Data:
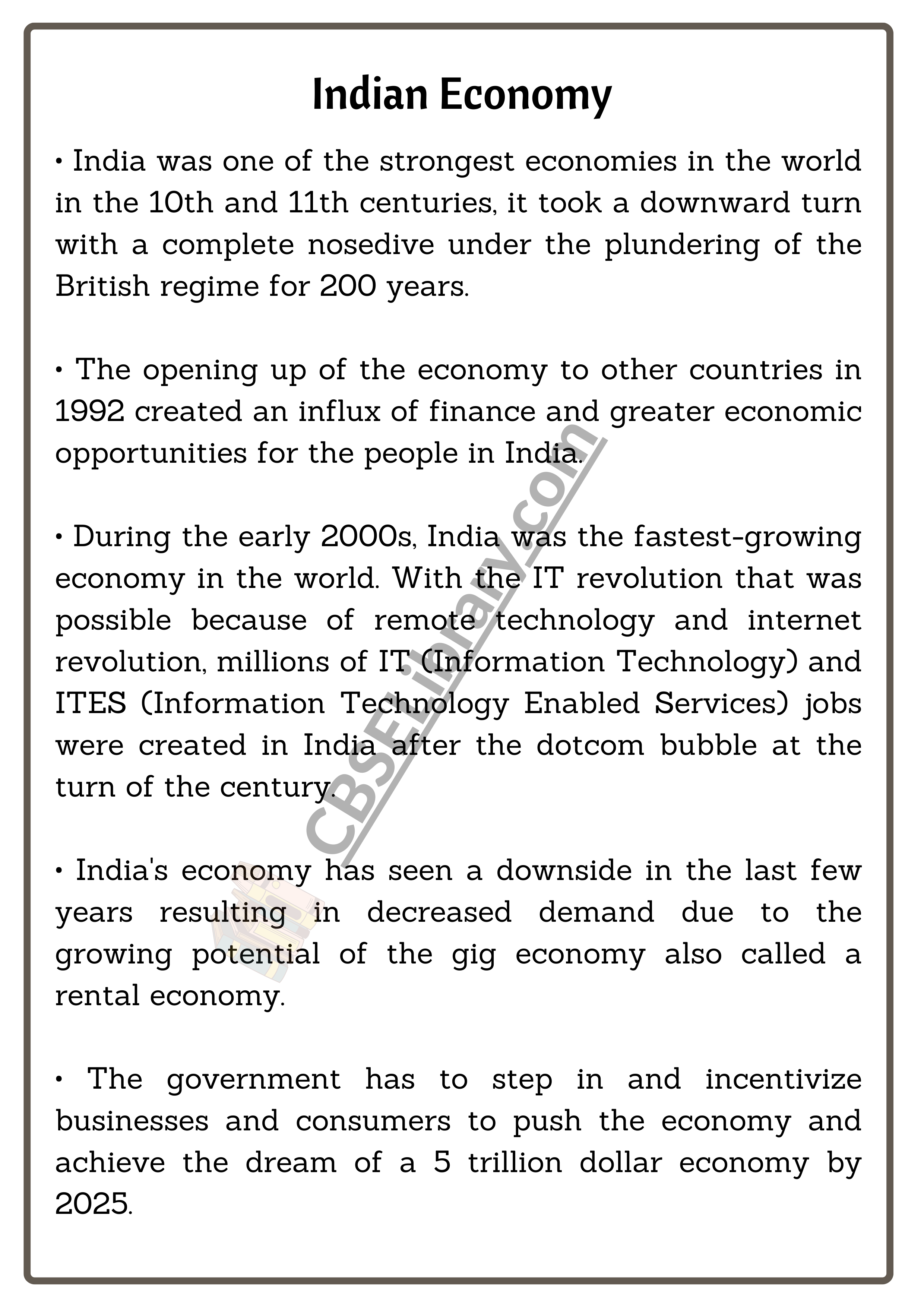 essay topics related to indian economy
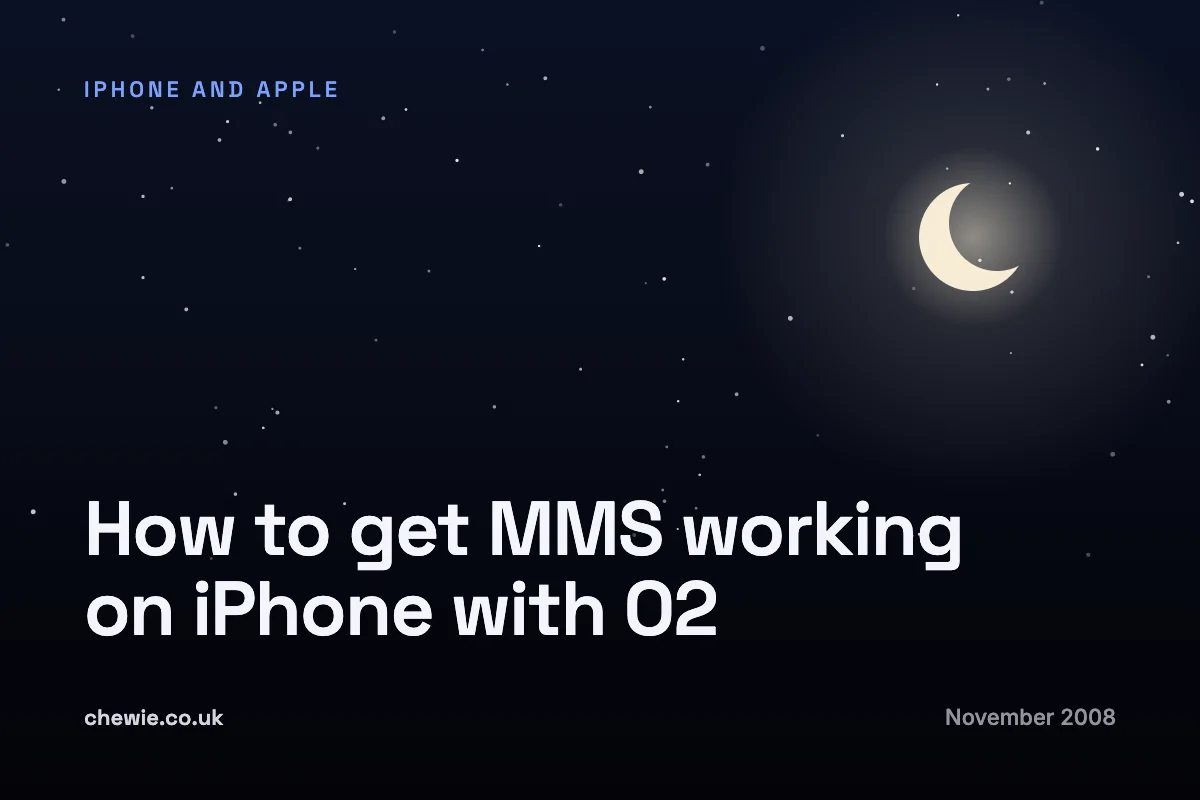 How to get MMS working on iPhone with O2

---

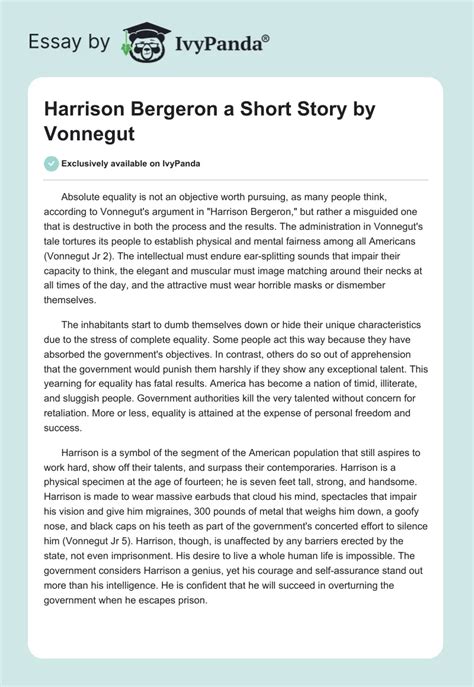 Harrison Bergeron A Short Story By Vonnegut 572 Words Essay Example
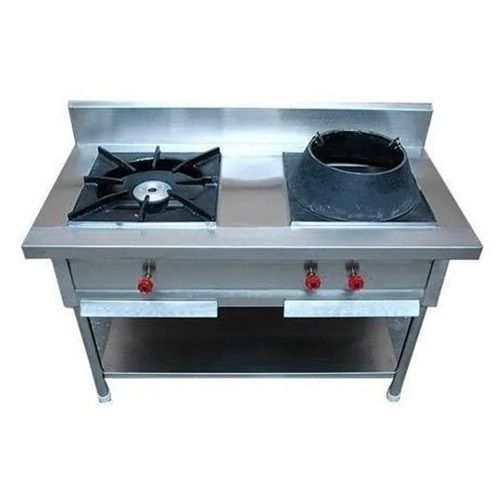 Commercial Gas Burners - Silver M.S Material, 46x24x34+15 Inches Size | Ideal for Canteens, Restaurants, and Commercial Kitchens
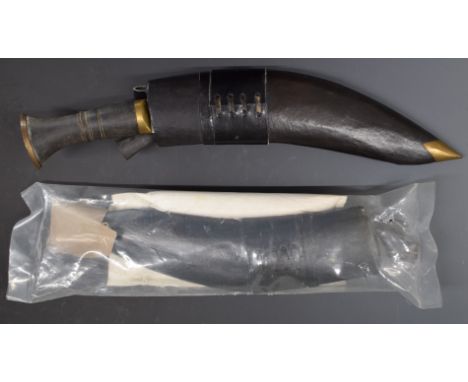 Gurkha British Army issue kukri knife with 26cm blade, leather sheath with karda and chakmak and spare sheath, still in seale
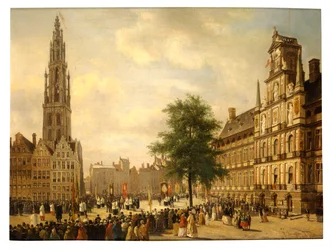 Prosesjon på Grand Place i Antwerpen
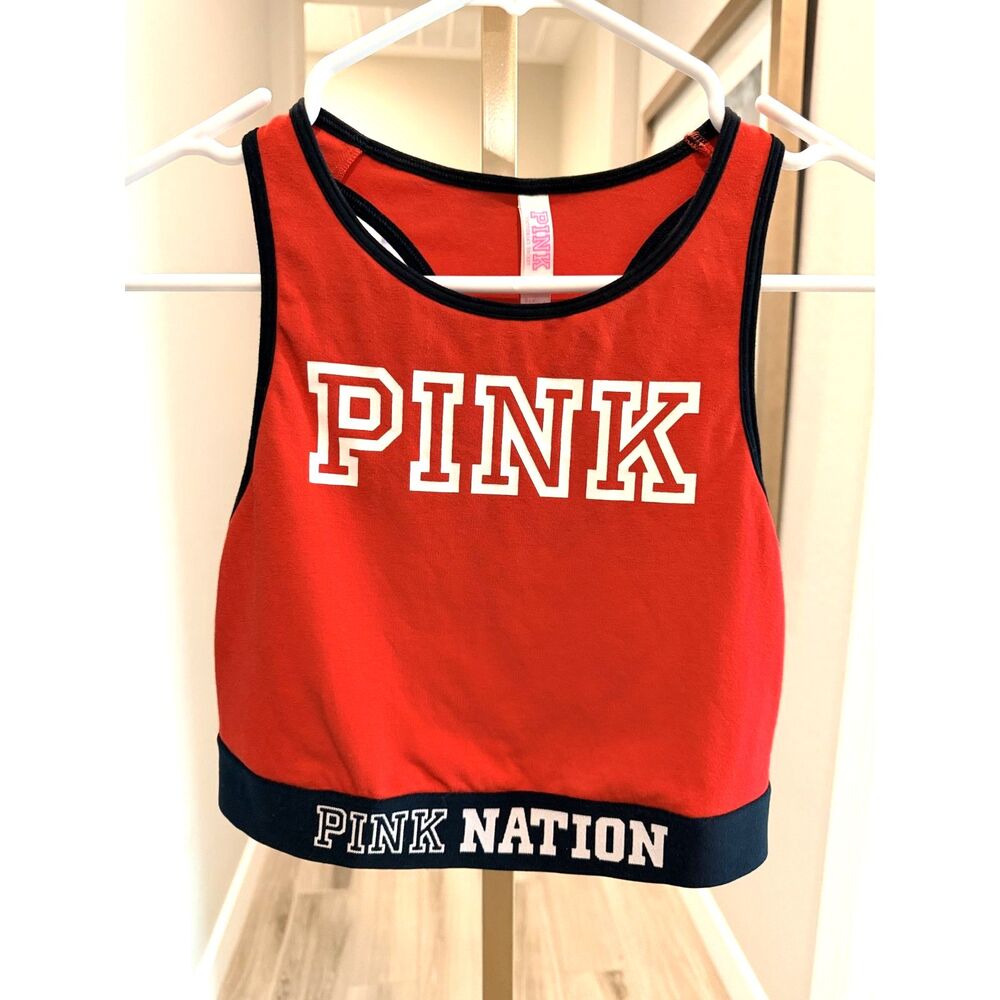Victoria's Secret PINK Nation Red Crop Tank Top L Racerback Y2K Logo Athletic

...

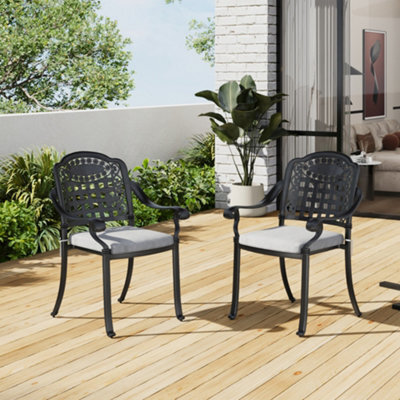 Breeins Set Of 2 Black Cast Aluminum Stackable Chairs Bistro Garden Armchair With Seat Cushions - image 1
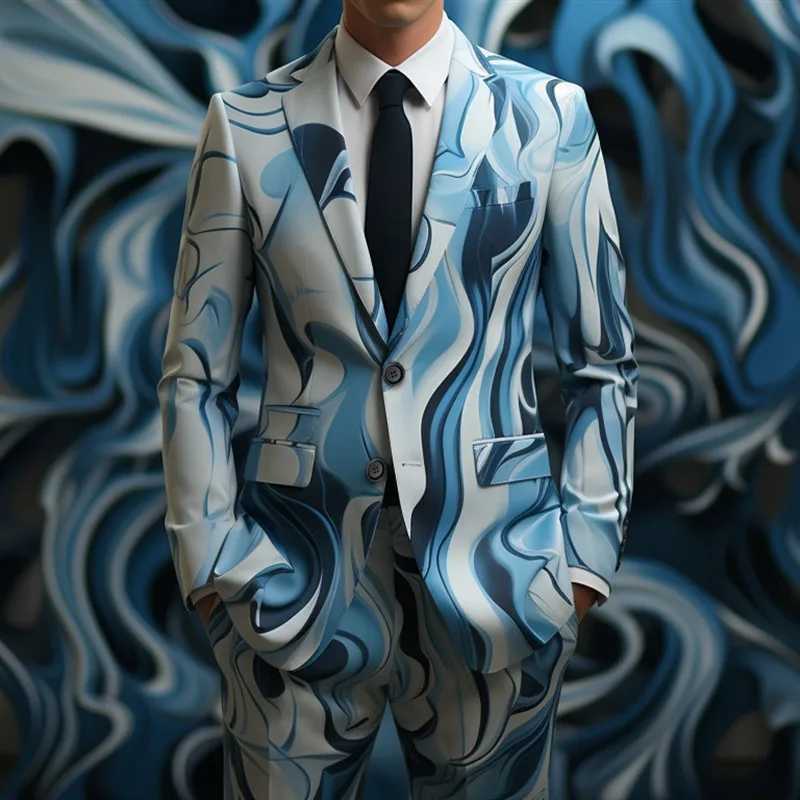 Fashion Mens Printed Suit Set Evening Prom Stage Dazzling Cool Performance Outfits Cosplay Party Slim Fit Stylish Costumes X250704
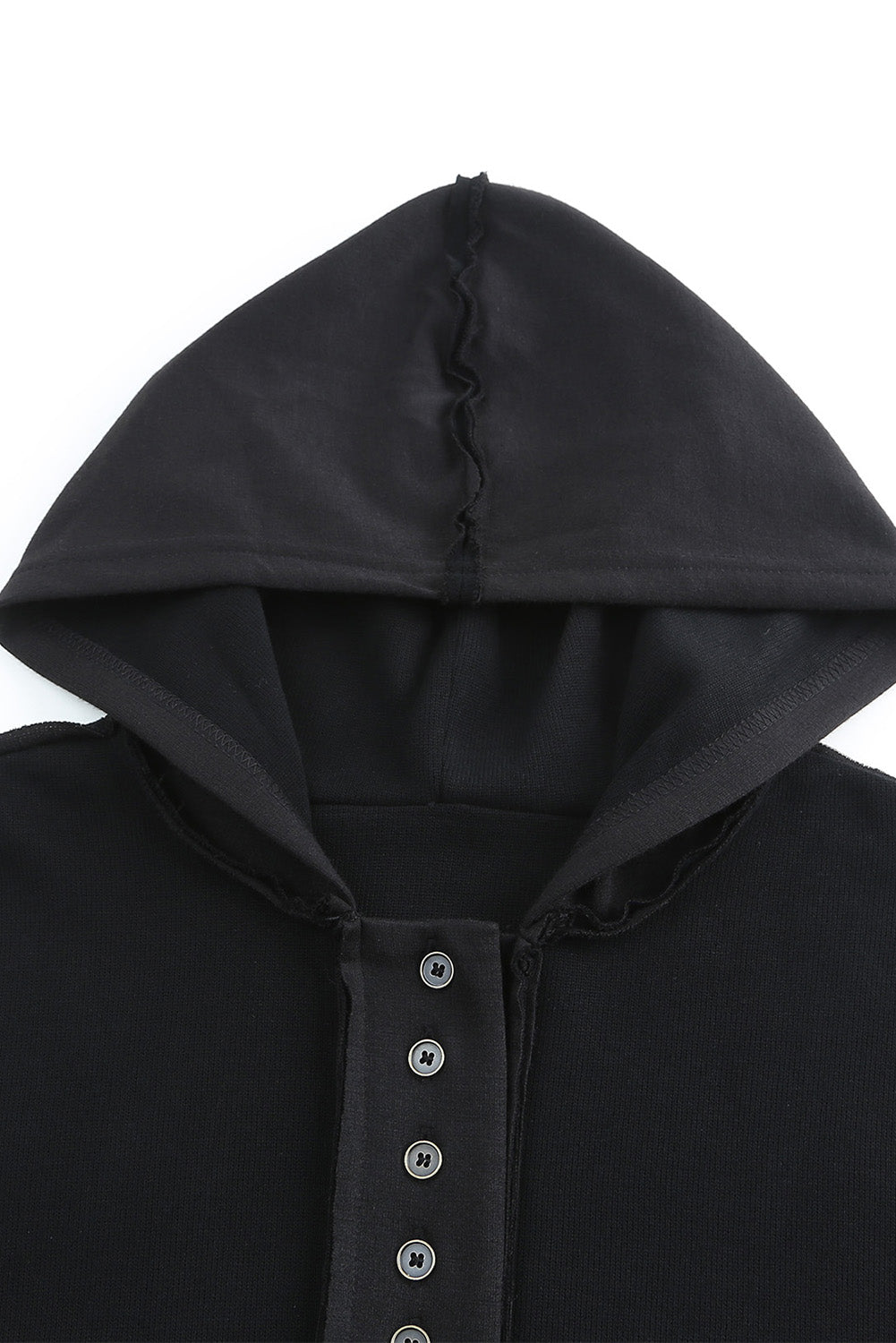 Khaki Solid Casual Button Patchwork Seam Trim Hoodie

Directions for this task:
What you need to produce is an exact copy of the entries above, limited to the lines from the one with "Harrison Bergeron A" up to and including the one with "Victoria's Secret PINK", without pictures.

Exercise solution:
 Harrison Bergeron A Short Story By Vonnegut 572 Words Essay Example
 Commercial Gas Burners - Silver M.S Material, 46x24x34+15 Inches Size | Ideal for Canteens, Restaurants, and Commercial Kitchens
 Gurkha British Army issue kukri knife with 26cm blade, leather sheath with karda and chakmak and spare sheath, still in seale
 Prosesjon på Grand Place i Antwerpen
Victoria's Secret PINK Nation Red Crop Tank Top L Racerback Y2K Logo Athletic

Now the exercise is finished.